I’ve been catching up on TV lately, gobbling up shows I’ve been wanting to watch but haven’t for reasons too whiny to get into. One show I’ve been watching a lot is Scrubs. I have it set to record on the DVR and Comedy Central shows it like four times a day, so I’ve got a marathon waiting for me every time I get home. It’s a pretty good show all around, but the best part about it is the theme song. With the marathon watching sessions, I get to hear it a lot.
I can’t do this all on my own. I’m no superman.
Honestly, I hear that, and every single time I have this sense of relief that just completely floods me. It’s OK to not be able to do everything on your own and it’s OK to admit it. And it’s OK to be human and not perfect. I know it’s just a song and a TV show and that should be the last place I get my validation and I’m reading way too much into that one line, but there it is.
Yesterday I took a barrage of emotional sticks and stones, hurled at me, relentless. And they struck at my insecurities and vulnerabilities and fears, and I flinched and tried to find a way to protect myself but I didn’t even know if I deserved protecting.
I was being graded. And I failed.
- Follows through and succeeds. Needs improvement.
- Puts in the work and doesn’t quit. F.
- Cares about others than herself. 0 points.
I was accused of taking the easy way out and of got predictions of a dismal future that I’ve always felt, deep down, would indeed be me: alone, with nothing meaningful to show for all my years of living. Am I taking the easy way out? Am I just not willing to work at anything? Will I look back all those years later and realize that I’ve decimated my own life with my selfishness and lack of commitment?
I don’t know.
Just the night before, a friend of mine was telling me that I could be taking the easy way, but instead I’m being courageous, taking the hard way — doing the right thing for the long term at the expense of short term pain.
So, who’s right? Maybe neither of them is right. Maybe I’m just stumbling along, doing the best I can. Not running away or being brave or having any kind of a plan at all. And maybe I shouldn’t be vilified. But I shouldn’t be congratulated either. I don’t know what I’m doing. Haven’t calculated any pros and cons, long term vs. short term trade-offs. I’m just trying to make it through, day to day.
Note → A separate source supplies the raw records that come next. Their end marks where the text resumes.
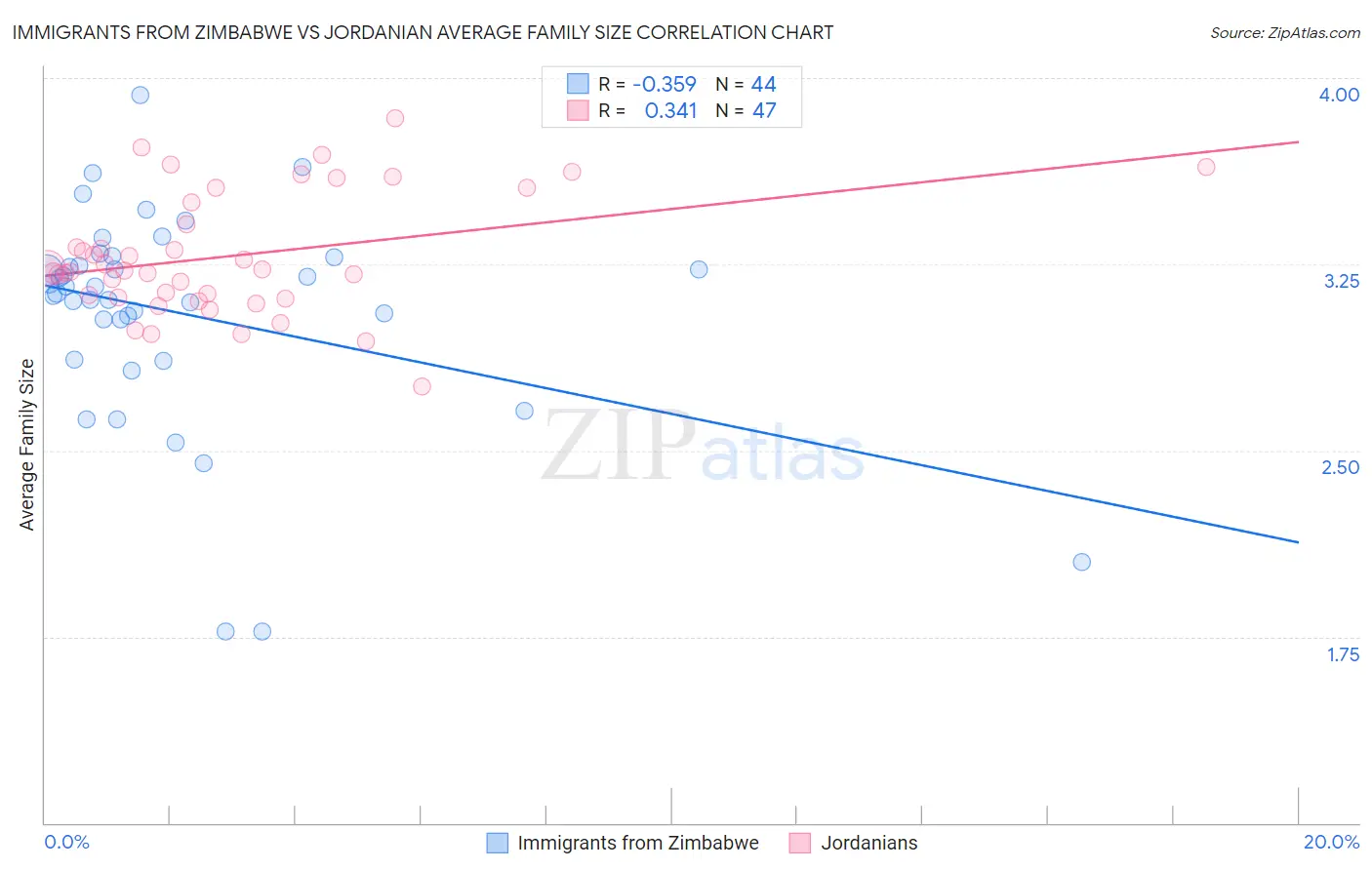 Immigrants from Zimbabwe vs Jordanian Average Family Size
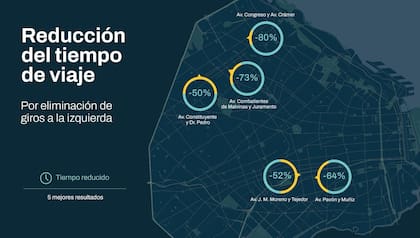 El Gobierno aseguró que esta medida redujo los tiempos de viaje para los vehículos.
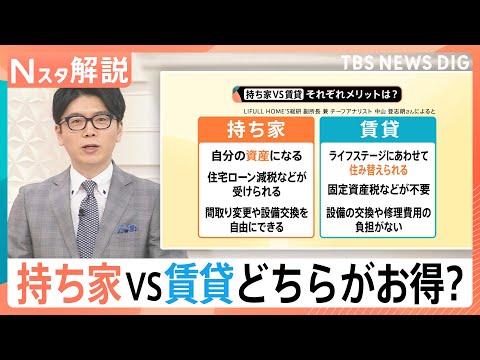【持ち家vs賃貸どちらがお得?】「買えない…」23区のマンション平均価格1.2億円【Nスタ解説】|TBS NEWS DIG
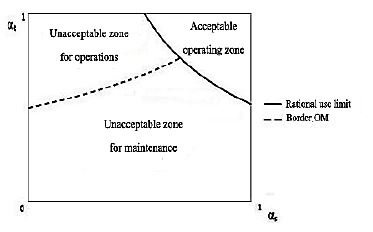 Rationality State Graph (RSG).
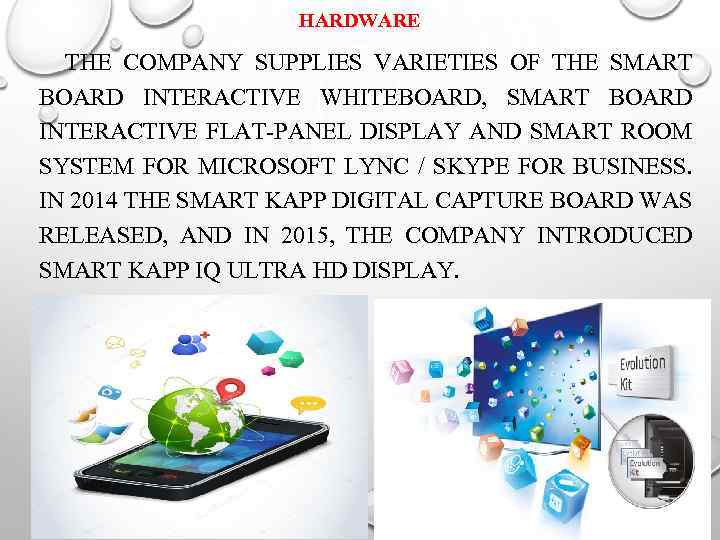 HARDWARE THE COMPANY SUPPLIES VARIETIES OF THE SMART BOARD INTERACTIVE WHITEBOARD, SMART BOARD INTERACTIVE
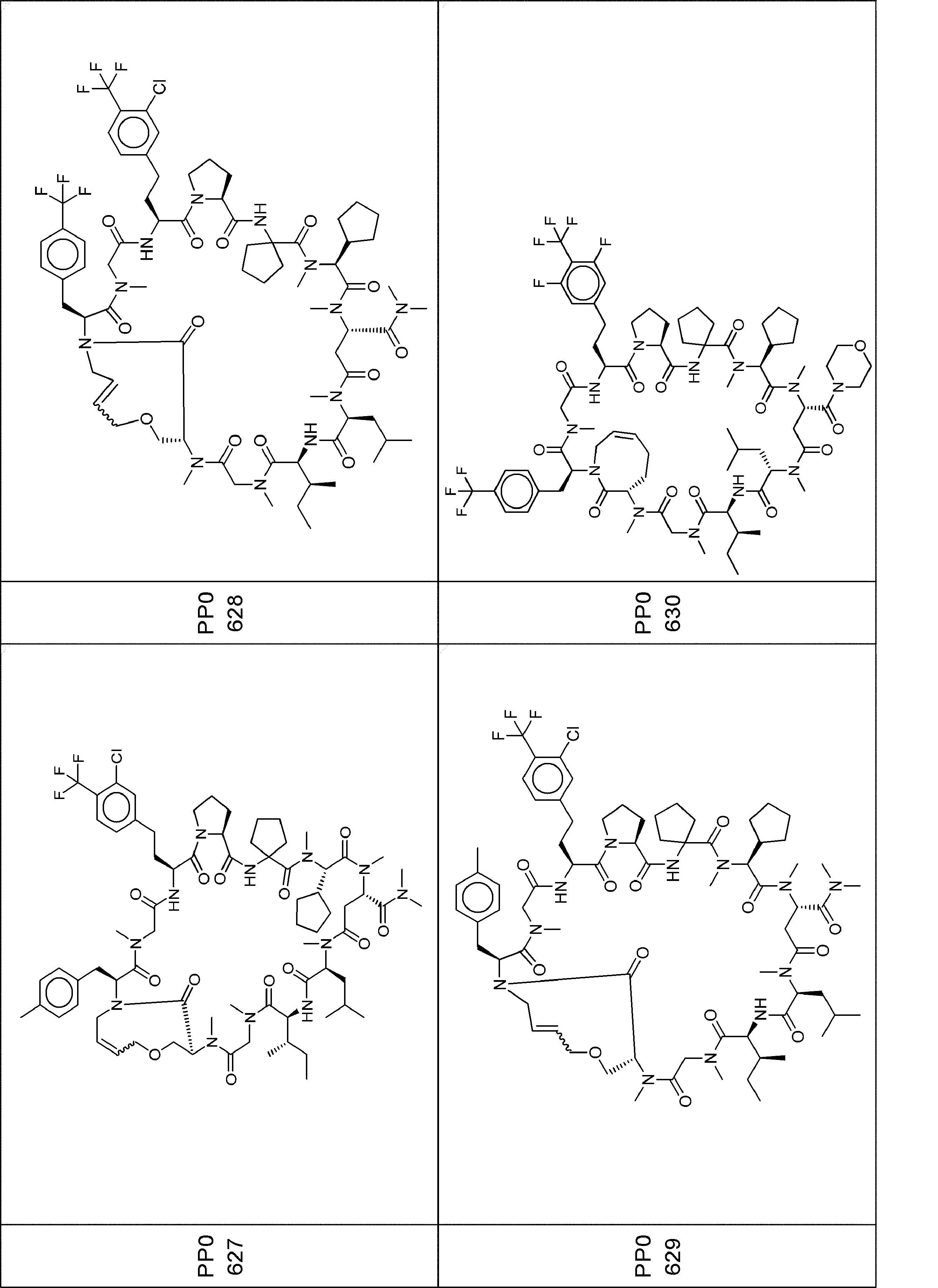 Figure JPOXMLDOC01-appb-I000654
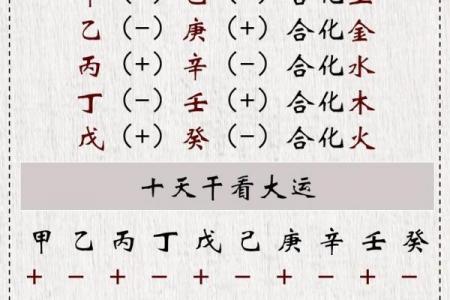 2021年属何天干之年
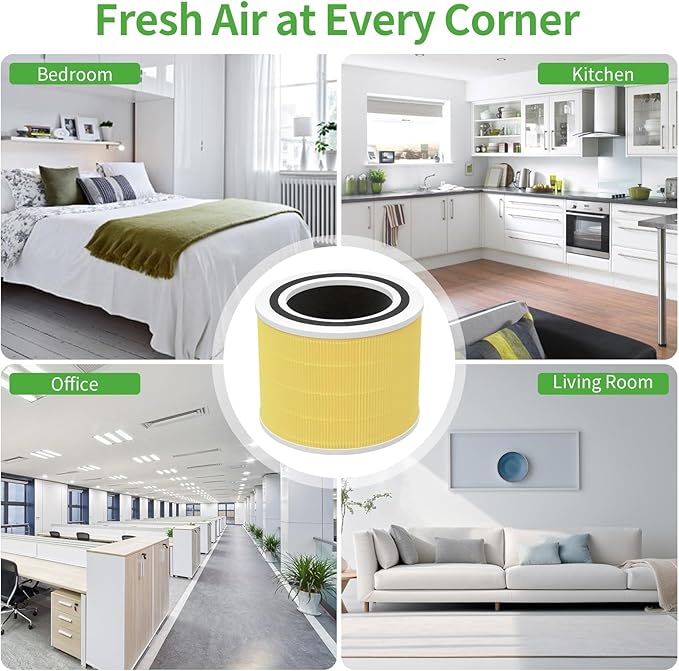 Core 200 Pet Care Replacement Filter for LEVOIT Core 200s Air Purifier, 3-in-1 H13 True HEPA Filter Replacement, Part # Core 200-RF-PA, 3 Pack, Yellow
I was driving the other day, listening to the Dixie Chicks sing about taking the long way around. I was thinking about how so many people just want stability and once they’ve got their career and their house and their relationship and whatever, their life is settled, and then they live it. And I can see the attractiveness in that. And I’ve had that. But I’ve given it up. I’ve changed careers. I’ve left a seemingly perfectly fine relationship. Left my home with its nicely decorated living room and substantial bookcases. I guess I’m taking the long way. As the song goes, I could have made it easier on myself.
And I don’t know if I’m gaining or losing. I just know that I’m no superman. And according to a TV show about perky doctors who get in zany situations and have heartfelt talks, that’s OK.